I make no claim about what might be best :) but, nokogiri seems to be
the leading Ruby XML library at the moment. I quickly adapted an old
REXML pull parser to work with your sample data:

def parse(stream)
raise "BlockRequired" unless block_given?

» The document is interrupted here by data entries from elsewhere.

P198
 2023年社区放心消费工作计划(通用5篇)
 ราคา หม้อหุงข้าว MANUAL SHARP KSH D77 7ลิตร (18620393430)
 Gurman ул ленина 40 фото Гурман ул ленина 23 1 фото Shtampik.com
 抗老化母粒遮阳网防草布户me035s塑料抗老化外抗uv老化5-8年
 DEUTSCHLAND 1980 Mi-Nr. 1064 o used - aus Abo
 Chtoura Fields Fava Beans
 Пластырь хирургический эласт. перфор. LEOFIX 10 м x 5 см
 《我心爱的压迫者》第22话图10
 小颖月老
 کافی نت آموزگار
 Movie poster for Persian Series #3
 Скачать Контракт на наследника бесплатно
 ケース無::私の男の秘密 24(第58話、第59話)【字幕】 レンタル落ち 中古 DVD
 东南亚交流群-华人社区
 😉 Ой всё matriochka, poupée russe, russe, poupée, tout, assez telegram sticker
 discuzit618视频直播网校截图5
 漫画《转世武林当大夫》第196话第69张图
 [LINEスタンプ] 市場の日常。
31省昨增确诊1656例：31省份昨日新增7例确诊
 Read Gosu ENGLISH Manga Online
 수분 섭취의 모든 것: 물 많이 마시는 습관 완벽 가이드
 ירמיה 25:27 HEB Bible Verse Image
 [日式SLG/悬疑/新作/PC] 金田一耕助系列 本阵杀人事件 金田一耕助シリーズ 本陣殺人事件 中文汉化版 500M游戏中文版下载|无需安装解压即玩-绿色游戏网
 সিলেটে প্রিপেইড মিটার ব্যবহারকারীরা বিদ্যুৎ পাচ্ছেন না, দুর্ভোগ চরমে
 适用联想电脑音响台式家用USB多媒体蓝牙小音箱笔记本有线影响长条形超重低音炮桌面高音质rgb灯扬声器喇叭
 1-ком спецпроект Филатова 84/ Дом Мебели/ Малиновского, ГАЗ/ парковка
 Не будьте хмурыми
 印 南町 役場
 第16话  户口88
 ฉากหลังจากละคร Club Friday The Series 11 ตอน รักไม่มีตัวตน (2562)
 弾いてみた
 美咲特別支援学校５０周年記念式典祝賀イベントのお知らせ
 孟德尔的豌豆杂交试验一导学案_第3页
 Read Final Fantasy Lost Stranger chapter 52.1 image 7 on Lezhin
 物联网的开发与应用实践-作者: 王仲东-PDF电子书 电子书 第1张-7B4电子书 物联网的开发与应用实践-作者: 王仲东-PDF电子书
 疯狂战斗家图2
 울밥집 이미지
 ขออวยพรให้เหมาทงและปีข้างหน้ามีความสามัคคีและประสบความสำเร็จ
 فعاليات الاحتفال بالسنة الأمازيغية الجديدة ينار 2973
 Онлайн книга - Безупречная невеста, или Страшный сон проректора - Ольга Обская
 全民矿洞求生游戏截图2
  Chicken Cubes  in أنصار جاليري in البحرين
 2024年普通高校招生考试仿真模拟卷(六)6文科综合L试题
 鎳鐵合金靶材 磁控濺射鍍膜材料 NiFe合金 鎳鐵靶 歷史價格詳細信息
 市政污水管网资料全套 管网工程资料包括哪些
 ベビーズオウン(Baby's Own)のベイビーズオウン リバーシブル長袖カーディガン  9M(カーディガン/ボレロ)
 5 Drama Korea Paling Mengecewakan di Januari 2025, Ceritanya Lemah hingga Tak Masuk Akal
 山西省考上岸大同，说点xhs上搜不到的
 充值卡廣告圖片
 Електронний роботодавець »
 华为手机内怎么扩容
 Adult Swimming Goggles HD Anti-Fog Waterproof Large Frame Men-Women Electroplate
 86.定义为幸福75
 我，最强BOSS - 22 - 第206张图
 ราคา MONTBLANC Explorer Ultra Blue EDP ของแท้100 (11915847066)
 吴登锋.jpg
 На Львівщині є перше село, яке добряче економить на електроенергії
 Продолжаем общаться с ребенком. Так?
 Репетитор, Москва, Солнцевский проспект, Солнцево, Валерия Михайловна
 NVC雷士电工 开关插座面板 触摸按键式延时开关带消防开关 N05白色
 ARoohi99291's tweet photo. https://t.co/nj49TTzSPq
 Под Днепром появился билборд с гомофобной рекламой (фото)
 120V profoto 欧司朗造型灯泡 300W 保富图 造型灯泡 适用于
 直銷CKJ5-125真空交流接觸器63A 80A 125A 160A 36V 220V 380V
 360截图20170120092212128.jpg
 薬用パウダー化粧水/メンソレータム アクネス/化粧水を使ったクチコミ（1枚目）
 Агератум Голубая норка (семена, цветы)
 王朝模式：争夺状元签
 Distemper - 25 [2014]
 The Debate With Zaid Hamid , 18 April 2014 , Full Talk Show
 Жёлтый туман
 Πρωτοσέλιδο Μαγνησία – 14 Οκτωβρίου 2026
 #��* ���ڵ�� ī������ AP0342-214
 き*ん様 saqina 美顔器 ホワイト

parser = REXML::Parsers::PullParser.new(stream)

row = {}

while parser.has_next?
event = parser.pull

case event.event_type
when :start_element
case event[0]
when 'primitive'
row = event[1]; col = nil
when 'parameter'
col = event[1]["name"]
end

row[col] ||= "" if col

when :end_element
col = nil

case event[0]
when 'primitive'
yield(row)
else
# ignore
end

when :text
row[col] << event[0].chomp if col

else
#ignore
end
end
end

parse(string){|row|
#p row
puts "#{row["CQI"]}, #{row["time"]}"
}

> ruby x.rb
23, 00:00:40.450
22, 00:00:40.460
22, 00:00:40.460
23, 00:00:40.460
22, 00:00:40.460
24, 00:00:40.460
21, 00:00:40.470
22, 00:00:40.470

The original program I lifted that from was processing XML files up to
several gigabytes; particularly on the largest files we saw much
better performance running under JRuby over MRI (1.8.5 or so).